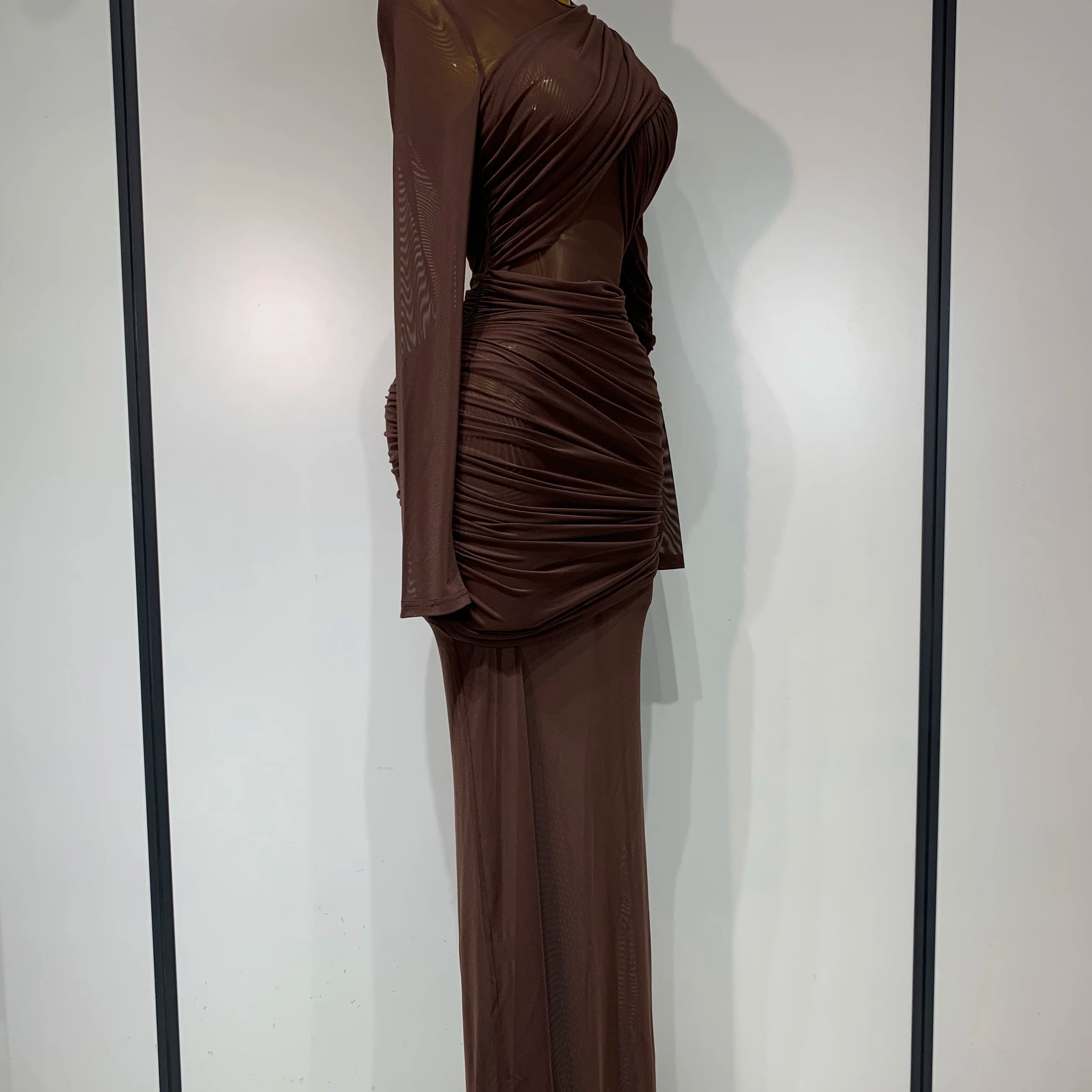 Elegant Brown Mesh Fold Long Sleeve Bodycon Dress Women 2025 Evening Party Club Sexy Perspective Fashion Luxury Birthday Dresses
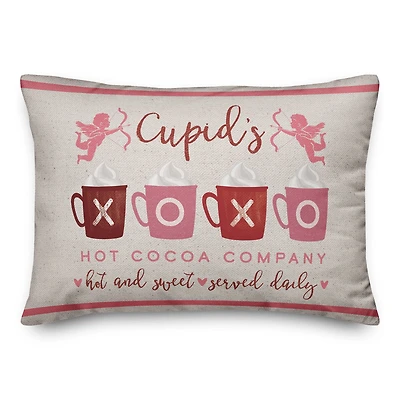 Cupids Hot Cocoa Throw Pillow, 14" x 20"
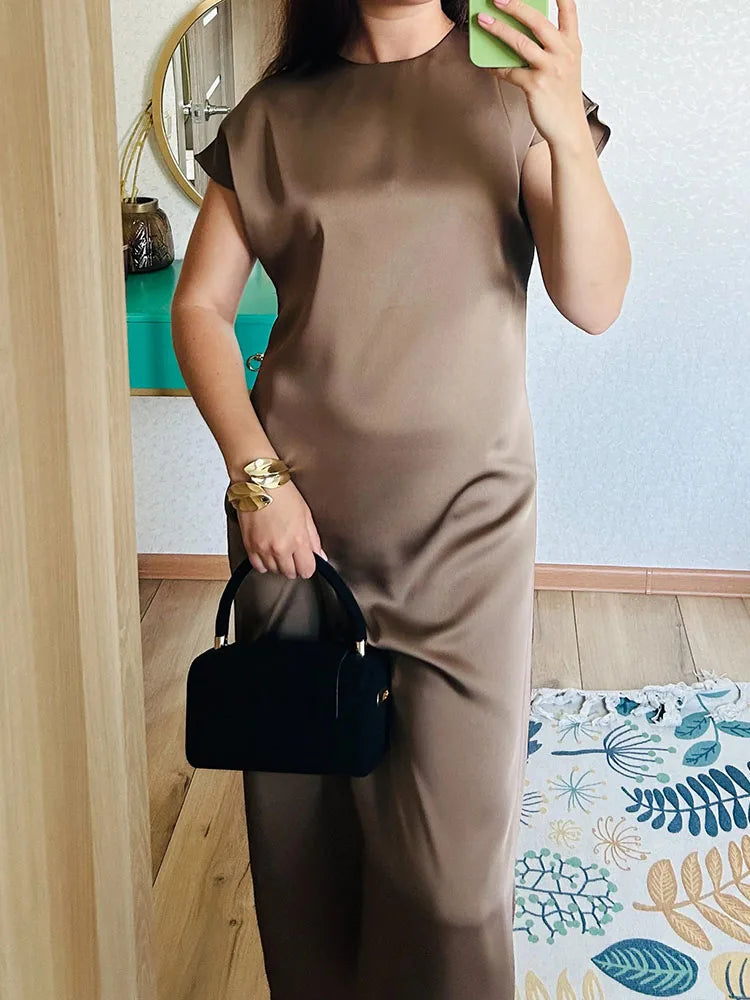 Elegant Satin Maxi Dress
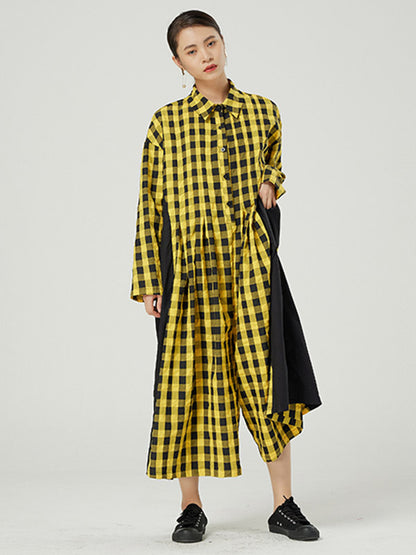 Casual Loose Long Sleeve Plaid Jumpsuits Bottoms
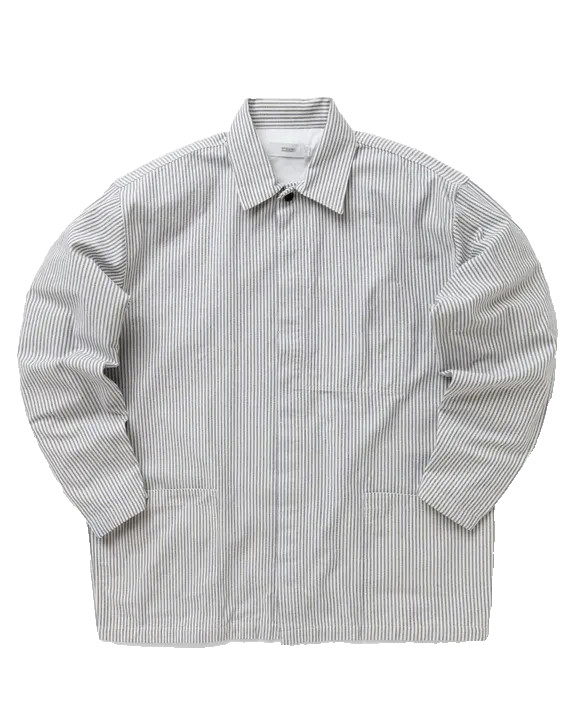 Closed Chore Jacket Worker Shirt Blue White Striped Cotton Mens Size M Relaxed
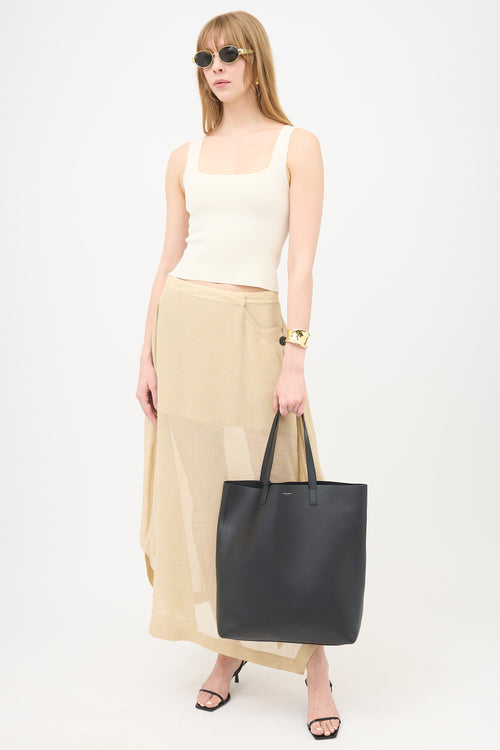 Saint Laurent Leather Bold Shopping Tote Bag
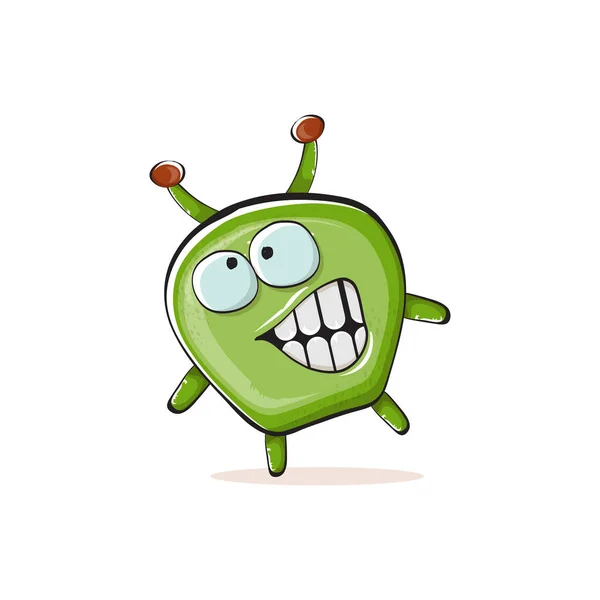 Vector cartoon funny green alien monster isolated on white background. Smiling silly green monster print sticker design template. Cute Ghost, troll, gremlin, goblin, devil and monster — Vetor de Stock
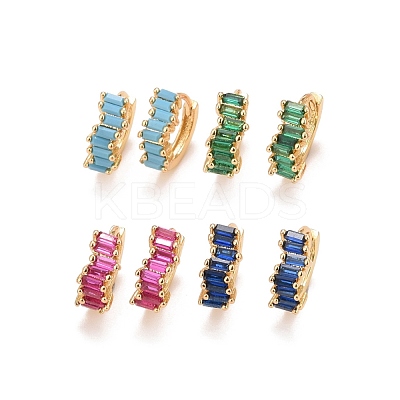 Cubic Zirconia Rectangle Hoop Earrings EJEW-A069-16G-1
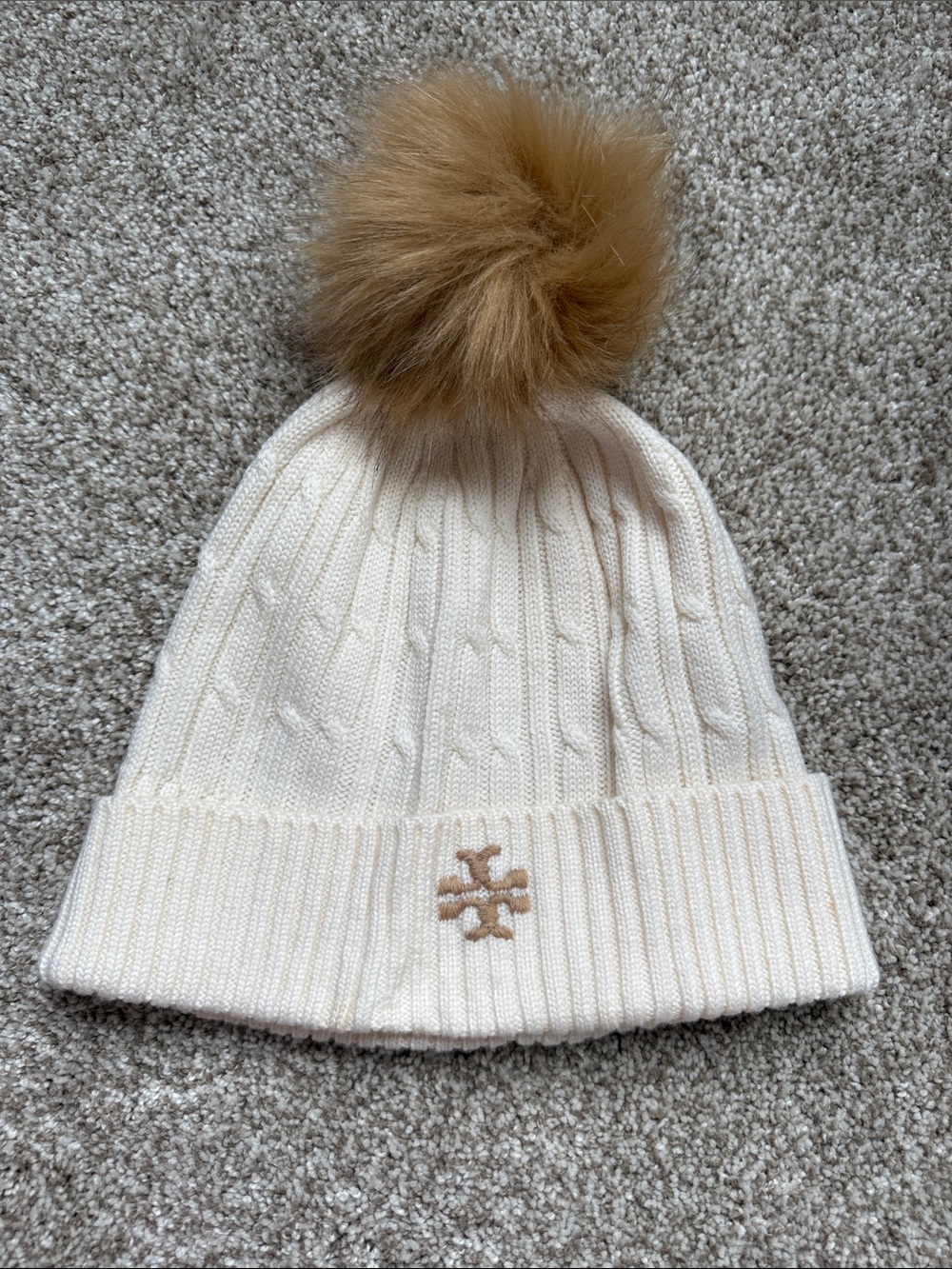 Tory Burch Cream Cable-Knit Winter Beanie with Tan Pom
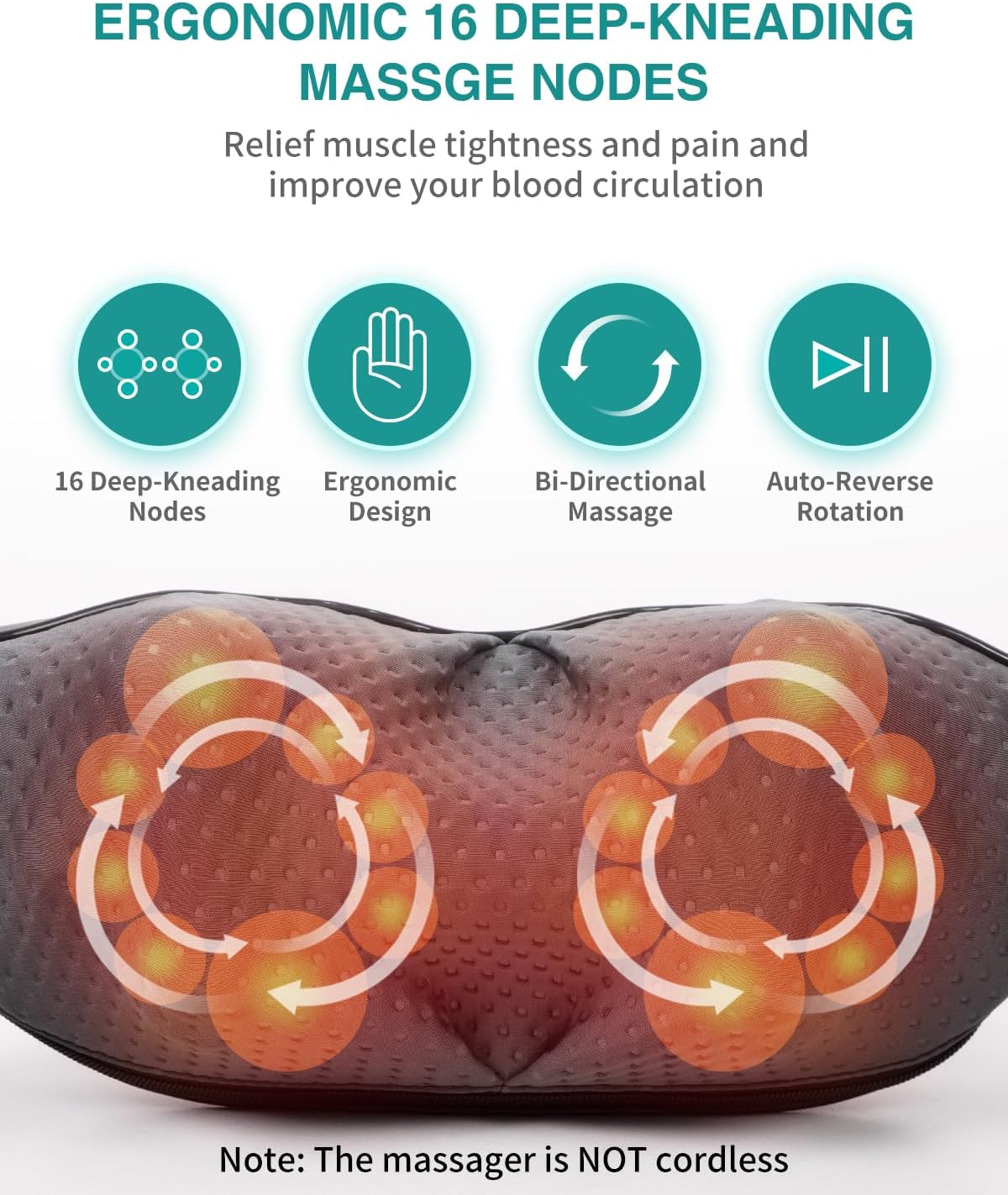 Nekteck™ 3D Shiatsu Neck & Back Massager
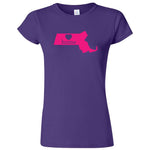  "Massachusetts Home State Pride, Pink" women's t-shirt Purple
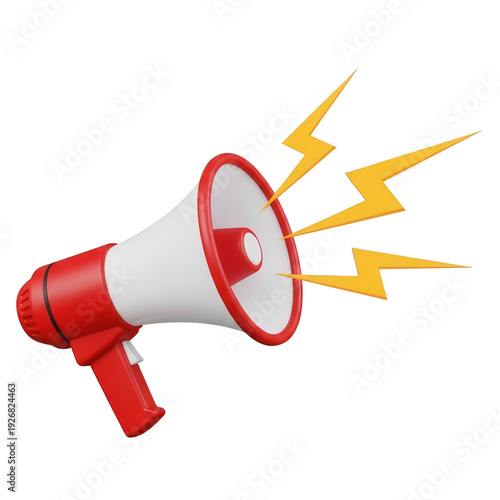 Wallpaper Mural A red and white megaphone emitting yellow lightning bolts against a white background. Torontodigital.ca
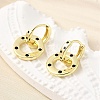 Flat Round Brass Micro Pave Cubic Zirconia Hoop Earrings EJEW-U061-02G-3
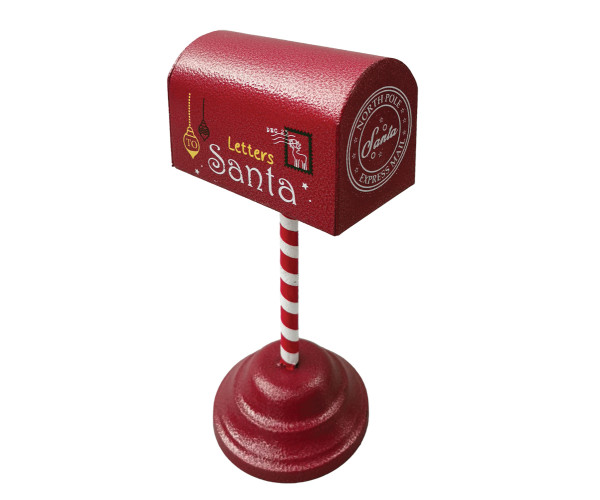 Χριστουγεννιάτικο Μεταλλικό Γραμματοκιβώτιο Κόκκινο 17 x 12 x 30(h)cm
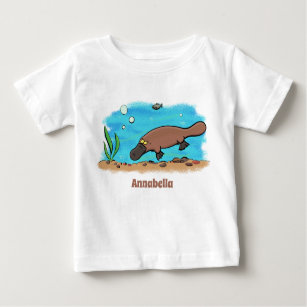 Cute platypus swimming cartoon baby T-Shirt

- - -

[How to complete this task]
Quote every record above exactly, omitting any pictures they contain.

[Answer to the exercise]
 Elegant Brown Mesh Fold Long Sleeve Bodycon Dress Women 2025 Evening Party Club Sexy Perspective Fashion Luxury Birthday Dresses
 Cupids Hot Cocoa Throw Pillow, 14" x 20"
 Elegant Satin Maxi Dress
 Casual Loose Long Sleeve Plaid Jumpsuits Bottoms
 Closed Chore Jacket Worker Shirt Blue White Striped Cotton Mens Size M Relaxed
 Saint Laurent Leather Bold Shopping Tote Bag
 Vector cartoon funny green alien monster isolated on white background. Smiling silly green monster print sticker design template. Cute Ghost, troll, gremlin, goblin, devil and monster — Vetor de Stock
 Cubic Zirconia Rectangle Hoop Earrings EJEW-A069-16G-1
 Tory Burch Cream Cable-Knit Winter Beanie with Tan Pom
 Nekteck™ 3D Shiatsu Neck & Back Massager
  "Massachusetts Home State Pride, Pink" women's t-shirt Purple
 Wallpaper Mural A red and white megaphone emitting yellow lightning bolts against a white background. Torontodigital.ca
 Flat Round Brass Micro Pave Cubic Zirconia Hoop Earrings EJEW-U061-02G-3
 Χριστουγεννιάτικο Μεταλλικό Γραμματοκιβώτιο Κόκκινο 17 x 12 x 30(h)cm
 Cute platypus swimming cartoon baby T-Shirt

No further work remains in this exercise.